Когда возникли такие произведения, то вся критика и общество, разглядывая их, выискивали либо воспроизведения предметов, либо содержание, но, не обнаружив, говорили, что в этих произведениях нет ничего <…>.
И действительно, разглядывая эти произведения, мы теряем тот объект, по которому мы могли бы определить содержание картины[599]
.Как и Ортега, Малевич констатирует деление общества на понимающих и непонимающих:
В Сезанне уже жутко видеть невооруженным глазом трещину, которой разделяется связь <…> предмета с Искусством. Таким образом в сезаннизме и общество должно было распасться также на две части <…> это и послужило для общества раздражительным фактом, и оно обрушилось на Сезанна и сезаннистов <…>[600]

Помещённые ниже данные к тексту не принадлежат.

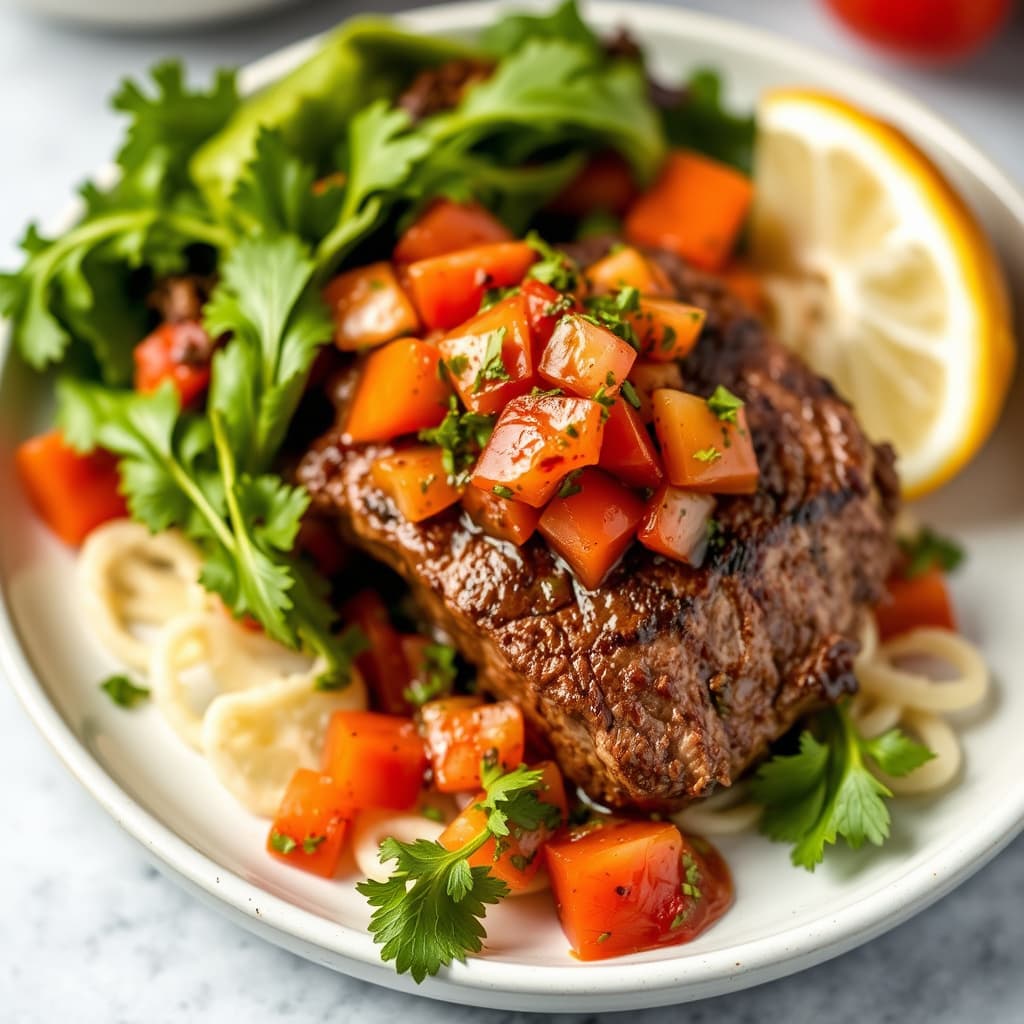 Skirtstek marinert med ovnsbakt tomatsalsa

.Является ли это непонимание временным? – задается вопросом Малевич. Он не делает столь решительных выводов, как Ортега, и все же признается:
Мы <…> не надеемся на то, чтобы со временем картины Сезанна и подобных ему художников действовали на зрителя так, чтобы он воспринимал их как художественное явление[601]
.Новое искусство, таким образом, – это прежде всего новое
Для сравнительного анализа старого и нового искусства оба теоретика не случайно выбирают произведения XIX века: Малевич использует картины И. И. Шишкина, Ортега предлагает вспомнить любое полотно 1860 года. Генезис нового искусства оба связывают прежде всего с внутрихудожественной эволюцией – реакцией на искусство XIX века. Это два полюса в отношении художника к реальности.
На протяжении XIX века, – пишет Ортега, – художники работали слишком нечисто. Они сводили к минимуму строго эстетические элементы и стремились почти целиком основывать свои произведения на изображении человеческого бытия. <…>
Творения подобного рода лишь отчасти являются произведениями искусства, художественными предметами. Чтобы наслаждаться ими, вовсе не обязательно быть чувствительным к неочевидному и прозрачному, что подразумевает художественная восприимчивость. Достаточно обладать обычной человеческой восприимчивостью и позволить тревогам и радостям ближнего найти отклик в твоей душе. Отсюда понятно, почему искусство XIX века было столь популярным: его подавали массе разбавленным в той пропорции, в какой оно становилось уже не искусством, а частью жизни[602]
.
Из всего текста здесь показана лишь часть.